##### Information supplied

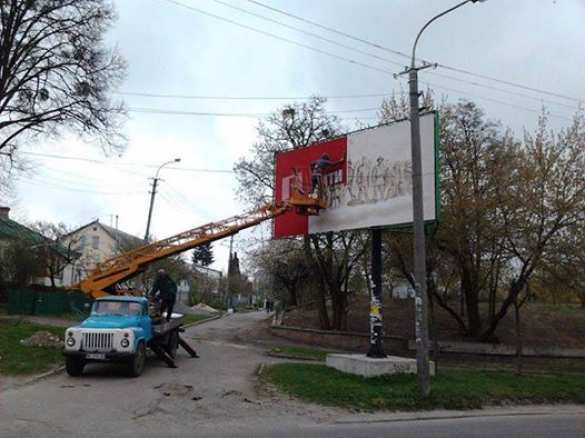 В Киеве бигборды с изображением «Небесной сотни» заклеиваются предвыборной агитацией Порошенко | Русская весна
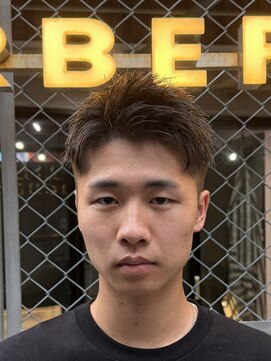 フジヤマ バーバー ショップ(FUJIYAMA BARBER SHOP) ツーブロ／アップバング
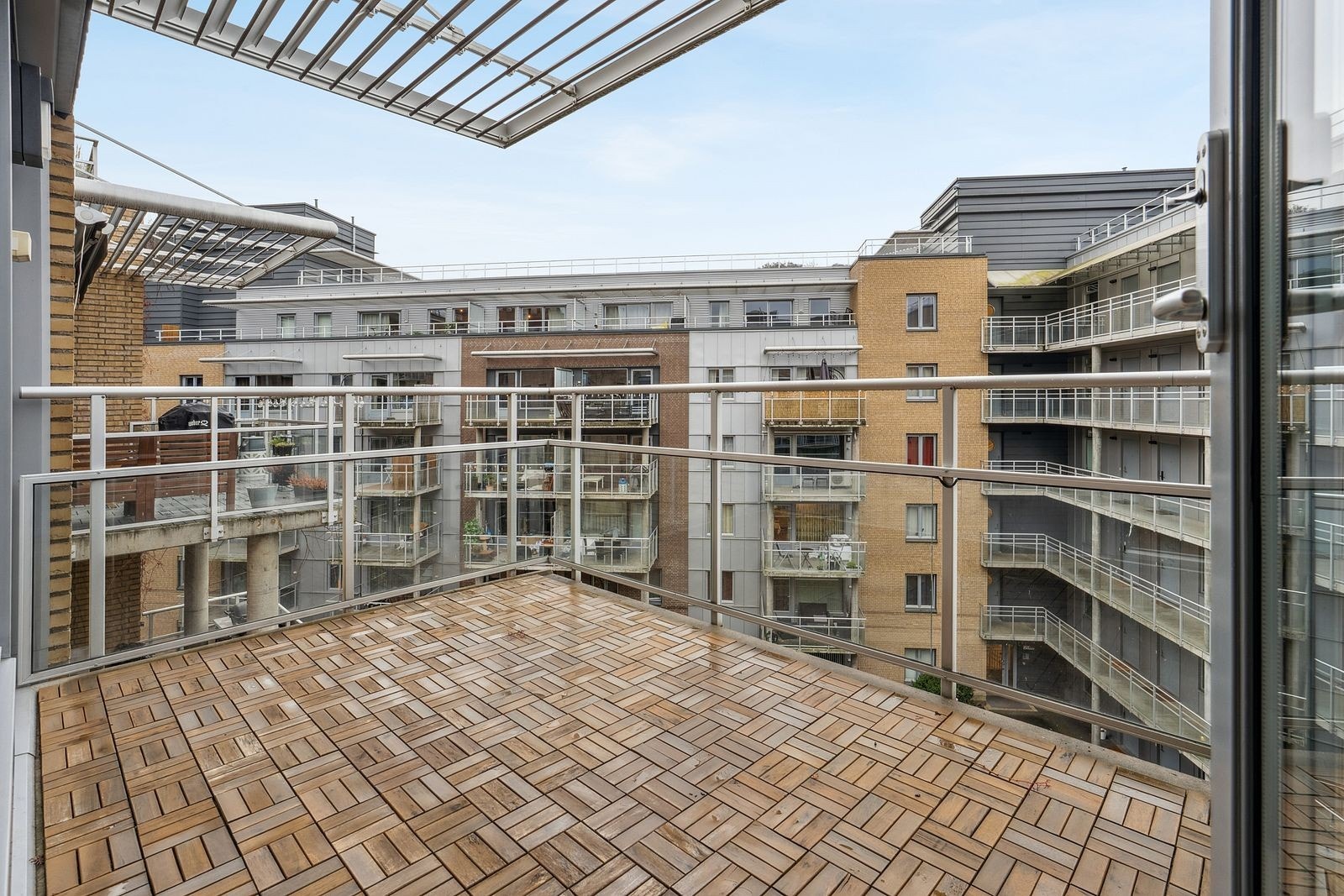 Solrik balkong på 9 kvm – perfekt for morgenkaffen eller sommerens sene kvelder. Galleribilde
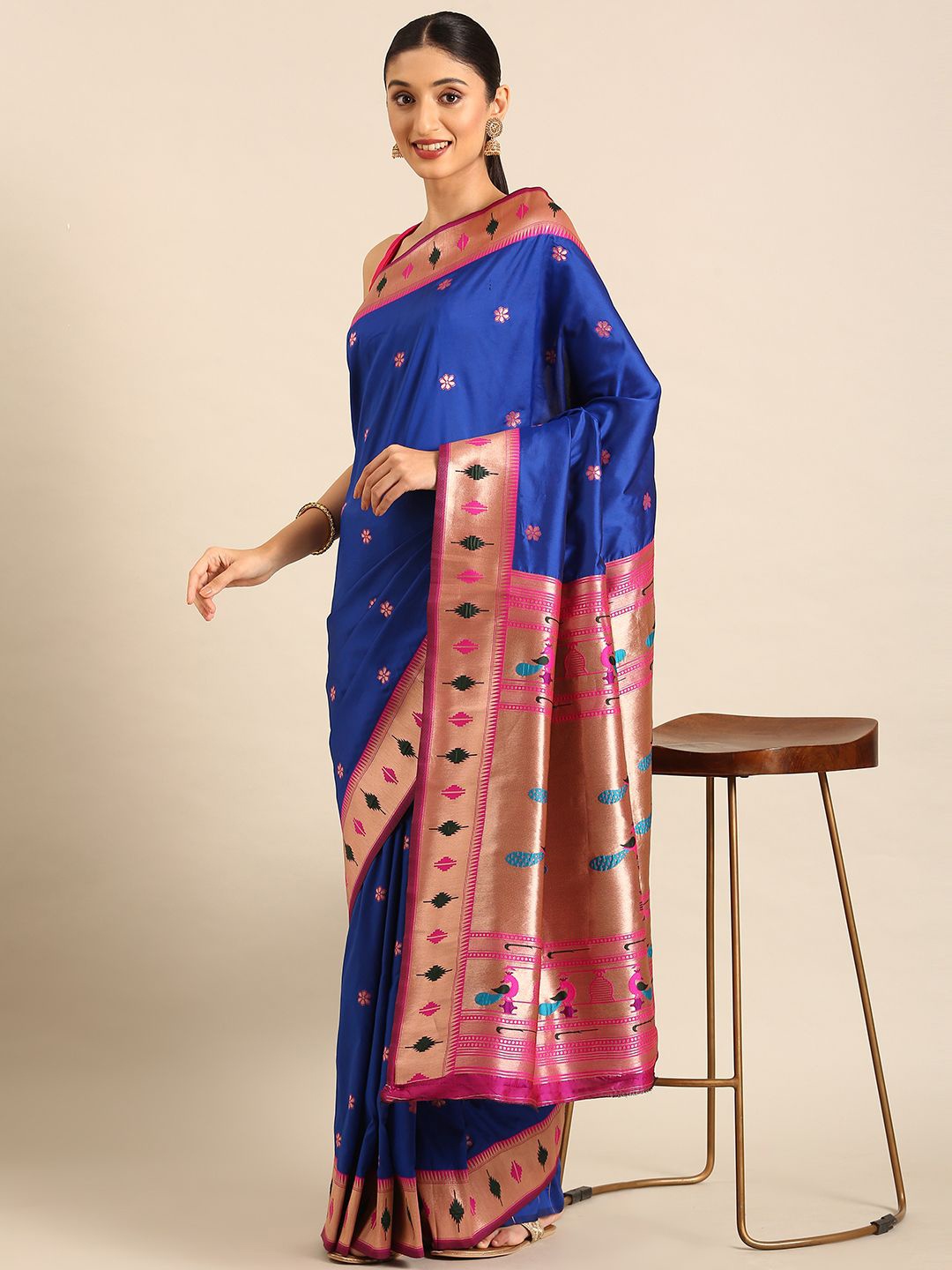 

DIVASTRI Woven Design Zari Silk Blend Paithani Saree, Blue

##########

Work item
Your copy should hold only the lines from the one containing "フジヤマ バーバー ショップ(FUJIYAMA" through the last line of the listing, both included, retyped exactly and free of pictures.

Response box
 フジヤマ バーバー ショップ(FUJIYAMA BARBER SHOP) ツーブロ／アップバング
 Solrik balkong på 9 kvm – perfekt for morgenkaffen eller sommerens sene kvelder. Galleribilde

DIVASTRI Woven Design Zari Silk Blend Paithani Saree, Blue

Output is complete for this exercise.